Dates? Did somebody say dates? Yes, if you check out the bottle of sake nearest you, you will find a date printed somewhere on the bottle or label that specifies the day the bottle was shipped. Most sake is stored at the brewery until they think it’s ready, so the date reflects when it left the brewery as opposed to when it was bottled.
So what can you expect from aged sake? It depends on whether it is koshu that has been designed by the brewery to be drunk as an aged product or whether it is sake that was probably intended to be drunk fresh but has been kept for a while and has become old sake. Deliberately aged koshu can often have sherry like aromas, a dessert like sweetness and woody aromas. They can be delicious and rewarding.

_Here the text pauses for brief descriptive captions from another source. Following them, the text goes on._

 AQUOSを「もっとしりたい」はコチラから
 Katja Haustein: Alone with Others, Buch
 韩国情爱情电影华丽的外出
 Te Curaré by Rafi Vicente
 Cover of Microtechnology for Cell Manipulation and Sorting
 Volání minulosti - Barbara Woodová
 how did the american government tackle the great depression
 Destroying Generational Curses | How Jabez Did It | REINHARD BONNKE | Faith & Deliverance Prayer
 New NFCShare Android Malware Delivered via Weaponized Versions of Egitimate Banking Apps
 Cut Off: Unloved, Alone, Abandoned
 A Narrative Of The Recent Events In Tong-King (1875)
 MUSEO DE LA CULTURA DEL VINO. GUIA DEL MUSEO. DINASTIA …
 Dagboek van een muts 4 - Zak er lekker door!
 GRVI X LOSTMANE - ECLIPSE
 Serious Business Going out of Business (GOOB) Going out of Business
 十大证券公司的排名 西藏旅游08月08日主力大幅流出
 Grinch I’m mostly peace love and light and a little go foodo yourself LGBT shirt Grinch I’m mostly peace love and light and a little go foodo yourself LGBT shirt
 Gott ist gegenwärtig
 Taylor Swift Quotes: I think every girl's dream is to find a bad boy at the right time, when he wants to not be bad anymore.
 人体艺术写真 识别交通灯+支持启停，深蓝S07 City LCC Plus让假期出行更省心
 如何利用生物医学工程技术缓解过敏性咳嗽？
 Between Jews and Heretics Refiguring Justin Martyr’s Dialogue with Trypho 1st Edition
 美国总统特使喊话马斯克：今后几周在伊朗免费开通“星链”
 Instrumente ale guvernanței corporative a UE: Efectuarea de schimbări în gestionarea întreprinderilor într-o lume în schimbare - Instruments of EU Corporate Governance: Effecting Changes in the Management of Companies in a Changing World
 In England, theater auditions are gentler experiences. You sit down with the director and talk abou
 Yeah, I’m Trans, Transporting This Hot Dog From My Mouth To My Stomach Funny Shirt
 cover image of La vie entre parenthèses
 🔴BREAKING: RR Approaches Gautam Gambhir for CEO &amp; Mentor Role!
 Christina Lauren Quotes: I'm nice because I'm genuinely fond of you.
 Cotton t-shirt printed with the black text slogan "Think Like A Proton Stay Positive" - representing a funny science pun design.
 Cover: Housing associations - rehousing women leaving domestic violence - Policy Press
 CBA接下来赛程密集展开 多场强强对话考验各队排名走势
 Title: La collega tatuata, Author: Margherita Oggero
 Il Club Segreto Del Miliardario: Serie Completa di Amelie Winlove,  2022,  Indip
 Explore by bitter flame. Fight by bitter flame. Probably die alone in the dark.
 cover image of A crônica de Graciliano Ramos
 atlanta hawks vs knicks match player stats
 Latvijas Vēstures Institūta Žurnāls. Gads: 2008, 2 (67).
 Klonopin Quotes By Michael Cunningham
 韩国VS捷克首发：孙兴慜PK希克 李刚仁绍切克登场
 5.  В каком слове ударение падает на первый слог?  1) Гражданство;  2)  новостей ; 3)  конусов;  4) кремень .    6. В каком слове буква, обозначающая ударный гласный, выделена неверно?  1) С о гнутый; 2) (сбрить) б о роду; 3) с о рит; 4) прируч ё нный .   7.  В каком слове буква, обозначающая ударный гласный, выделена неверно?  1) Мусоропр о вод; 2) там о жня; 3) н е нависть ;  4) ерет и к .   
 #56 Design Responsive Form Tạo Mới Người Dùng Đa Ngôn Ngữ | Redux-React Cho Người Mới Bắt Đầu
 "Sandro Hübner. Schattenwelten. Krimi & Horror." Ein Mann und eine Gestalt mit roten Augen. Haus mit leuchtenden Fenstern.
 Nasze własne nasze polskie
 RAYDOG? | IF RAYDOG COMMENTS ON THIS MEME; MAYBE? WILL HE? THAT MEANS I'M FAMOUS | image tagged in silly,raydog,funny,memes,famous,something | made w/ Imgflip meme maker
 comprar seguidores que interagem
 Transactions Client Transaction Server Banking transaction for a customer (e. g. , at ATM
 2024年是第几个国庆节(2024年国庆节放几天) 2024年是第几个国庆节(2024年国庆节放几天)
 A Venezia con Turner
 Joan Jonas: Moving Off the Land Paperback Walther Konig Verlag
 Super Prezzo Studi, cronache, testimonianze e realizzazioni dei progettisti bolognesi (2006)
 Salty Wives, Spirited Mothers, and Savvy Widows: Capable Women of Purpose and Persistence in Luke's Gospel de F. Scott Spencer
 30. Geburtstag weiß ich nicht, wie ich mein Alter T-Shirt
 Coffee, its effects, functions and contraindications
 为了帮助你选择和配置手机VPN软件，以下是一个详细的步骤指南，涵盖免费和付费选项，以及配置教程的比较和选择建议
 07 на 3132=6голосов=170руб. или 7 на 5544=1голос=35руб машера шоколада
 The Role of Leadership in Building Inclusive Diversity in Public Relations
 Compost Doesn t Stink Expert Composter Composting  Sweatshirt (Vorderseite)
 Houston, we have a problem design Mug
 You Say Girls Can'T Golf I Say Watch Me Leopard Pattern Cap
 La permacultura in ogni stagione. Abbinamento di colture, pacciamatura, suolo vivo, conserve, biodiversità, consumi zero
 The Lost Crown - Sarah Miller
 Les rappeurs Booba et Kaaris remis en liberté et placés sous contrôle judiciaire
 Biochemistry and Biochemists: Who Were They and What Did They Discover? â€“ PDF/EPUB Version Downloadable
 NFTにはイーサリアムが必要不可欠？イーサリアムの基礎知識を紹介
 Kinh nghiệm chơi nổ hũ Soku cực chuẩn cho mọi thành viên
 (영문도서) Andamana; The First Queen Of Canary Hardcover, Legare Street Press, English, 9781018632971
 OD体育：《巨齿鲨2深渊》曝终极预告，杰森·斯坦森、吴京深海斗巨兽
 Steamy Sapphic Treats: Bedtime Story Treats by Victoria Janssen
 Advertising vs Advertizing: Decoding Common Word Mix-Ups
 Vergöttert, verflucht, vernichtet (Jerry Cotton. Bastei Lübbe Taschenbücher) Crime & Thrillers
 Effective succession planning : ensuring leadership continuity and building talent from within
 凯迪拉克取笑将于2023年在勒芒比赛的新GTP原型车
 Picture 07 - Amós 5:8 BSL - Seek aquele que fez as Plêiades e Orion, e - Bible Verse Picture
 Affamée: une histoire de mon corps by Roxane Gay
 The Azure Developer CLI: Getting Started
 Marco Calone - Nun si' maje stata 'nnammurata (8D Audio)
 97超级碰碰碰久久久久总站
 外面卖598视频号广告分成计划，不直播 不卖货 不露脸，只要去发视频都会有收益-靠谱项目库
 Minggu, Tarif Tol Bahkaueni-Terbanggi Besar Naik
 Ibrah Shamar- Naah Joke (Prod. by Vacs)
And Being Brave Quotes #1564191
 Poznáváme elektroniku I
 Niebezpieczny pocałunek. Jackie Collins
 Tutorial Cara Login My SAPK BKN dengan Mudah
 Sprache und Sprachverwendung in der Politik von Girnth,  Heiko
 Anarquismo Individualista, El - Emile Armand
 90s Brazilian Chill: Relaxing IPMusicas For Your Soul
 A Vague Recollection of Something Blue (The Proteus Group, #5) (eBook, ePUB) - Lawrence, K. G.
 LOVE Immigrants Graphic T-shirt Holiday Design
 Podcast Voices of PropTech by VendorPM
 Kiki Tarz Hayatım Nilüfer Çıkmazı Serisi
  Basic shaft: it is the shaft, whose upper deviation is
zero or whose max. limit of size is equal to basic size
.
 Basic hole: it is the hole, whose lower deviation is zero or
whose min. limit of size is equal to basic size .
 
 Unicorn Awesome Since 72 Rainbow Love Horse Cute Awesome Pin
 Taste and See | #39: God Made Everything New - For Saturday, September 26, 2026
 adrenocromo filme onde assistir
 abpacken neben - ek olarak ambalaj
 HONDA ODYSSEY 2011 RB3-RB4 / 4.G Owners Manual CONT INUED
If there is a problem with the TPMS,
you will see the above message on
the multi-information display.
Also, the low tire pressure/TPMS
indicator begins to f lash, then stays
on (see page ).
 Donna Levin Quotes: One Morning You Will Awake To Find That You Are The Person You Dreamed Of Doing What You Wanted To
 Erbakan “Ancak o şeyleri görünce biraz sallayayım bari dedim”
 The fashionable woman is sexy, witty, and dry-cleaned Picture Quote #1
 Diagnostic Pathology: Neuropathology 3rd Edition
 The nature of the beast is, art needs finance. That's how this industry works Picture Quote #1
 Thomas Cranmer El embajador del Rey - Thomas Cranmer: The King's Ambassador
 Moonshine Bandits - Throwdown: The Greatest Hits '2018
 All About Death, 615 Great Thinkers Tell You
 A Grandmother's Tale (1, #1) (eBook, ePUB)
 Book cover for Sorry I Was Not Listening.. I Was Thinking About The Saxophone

Sake that is just plain old can be a funky, dull and show aromas and flavours more resembling cooking sake. but in my opinion, if you are looking for what makes sake great-drink it fresh. Within a year is best but given the slow turnover of sake in Australia two years sometimes has to be settled for. I guess what I’m getting at is there isn’t much point getting hung up on ageing sake. Age your wines by all means but drink your sake as quick as you can. A sake cellar sounds nice in theory but keep the turnover high. Ask a brewer and you’ll find almost all of them will recommend you drink their sake fresh. If you’re concentrating on ageing and what will cellar well, you’re missing the point.
So if you spot something labelled as koshu, by all means give it a go, but anything else I’d be drinking up as quick as you can; just how the brewer wanted you to.